I used to have to submit a couple of color roughs, which I hated to do because they took too much time. Now I get away with just the pencil sketches.
If I have time, I try to do fairly nice production drawings, since I'm able to sell those.
Logan: What kind of changes or suggestions would a publisher typically have when reviewing a finished sketch?
Clyde Caldwell: Truth to tell, most of the time they don't make any changes. They just approve a sketch and I do the painting. However, every now and again they'll make minor changes to a sketch...and then every once in a while they'll want major changes. That's pretty rare though.
For the painting, There Will Be Dragons, I did a couple of sketches and submitted them. Jim Baen wrote back and accepted a sketch, but he said the distributor wanted a science fiction element on the cover (which was basically a fantasy painting)...and would I add a tiny spaceship in the background? I reluctantly added the spaceship, though there were no spaceships in the book!

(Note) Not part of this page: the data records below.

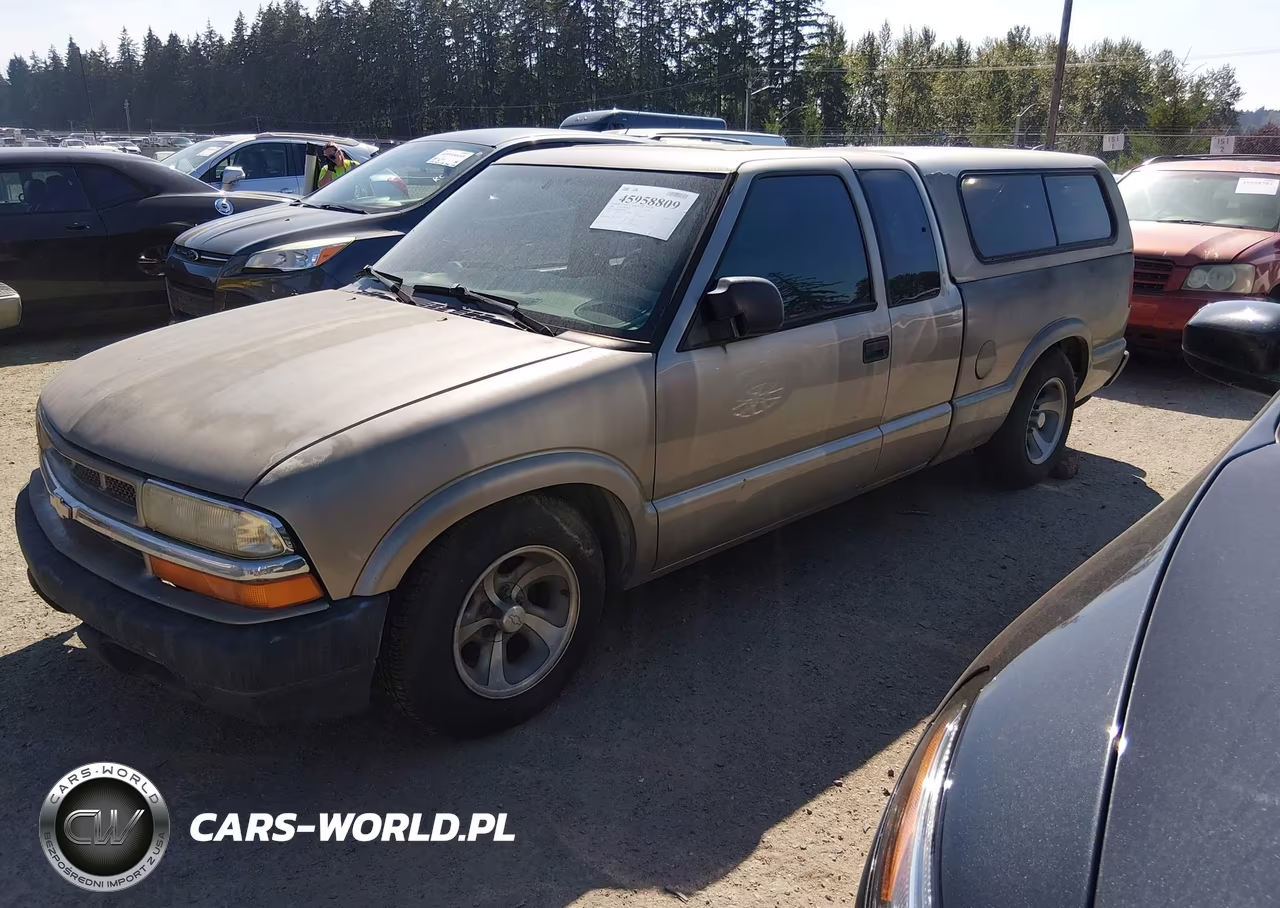 2003 Chevrolet S-10 Ls VIN:1GCCS19X938274140 - 2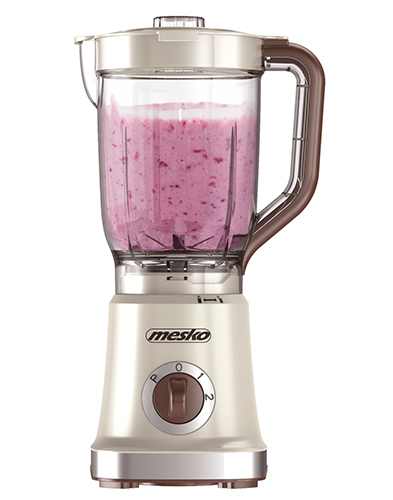 MS 4079be--Przygotowujesz koktajle, smoothie, zupy krem, gładkie sosy lub inne płynne i półpłynne produkty. Potrzebujesz lekkiego i łatwego do przechowywania blendera. W takim razie blender Mesko MS 4079 o mocy 1000W stanie się Twoim ulubionym sprzętem kuchenny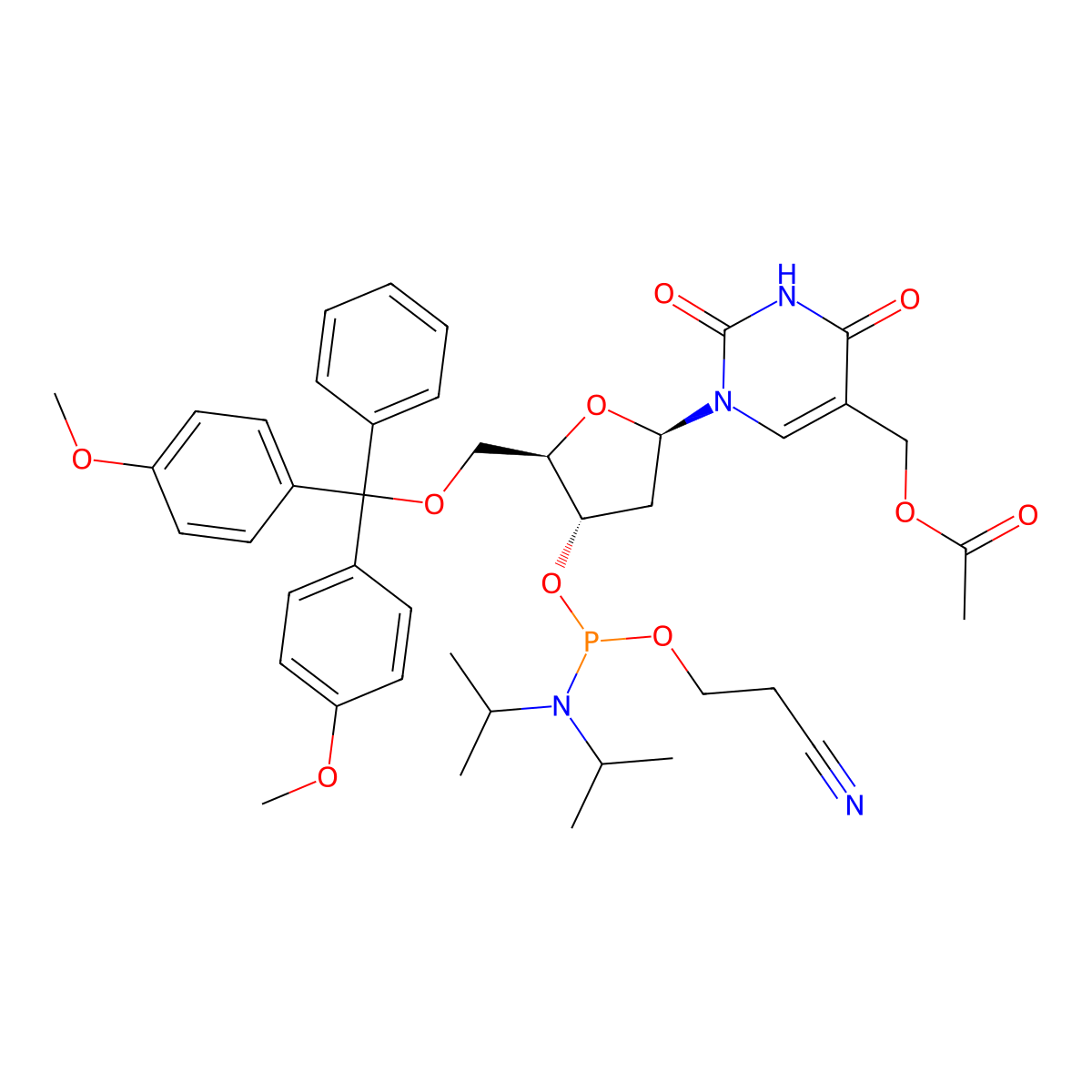 5-Hydroxymethyl-DU cep molecular structure, CAS 148380-57-8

Logan: Do you ever try and get direct author input on a piece? Is the author's vision something you take into account at all when you're working on a painting?
Clyde Caldwell: I certainly try to keep the author's vision in mind when I'm coming up with ideas. I like to try to find things in the manuscript that I'd like to paint and then bring them to life. And I always like to read the full manuscript, if available, to get a feel for the book.
In the past I've noticed that publishers usually don't like for authors and artists to get together and exchange ideas. I think the concept is that authors are too close to the material and aren't necessarily terribly visual and might not make the best choice for a cover. I do talk to authors at times though...especially when I don't have enough information to come up with good cover ideas. Most of the time they're very easy to work with and helpful.
I'm working on a cover for a book by Wm. Mark Simmons right now. I only had a partial manuscript to work from, so contacted Mark with some questions. He's been very helpful in providing information and throwing out ideas for discussion.
Every now and then a big author might make suggestions (or demands) as to what he or she wants on the cover of their book. Sometimes they're good ideas...sometimes not. In those cases I just do the best I can with the ideas I have to work with.
An author just came up to me at DragonCon and introduced herself by saying, "I want to thank you. You made me a lot of money." She thought that my cover had sold the book, and the book sold very well. Illustrators love to hear that!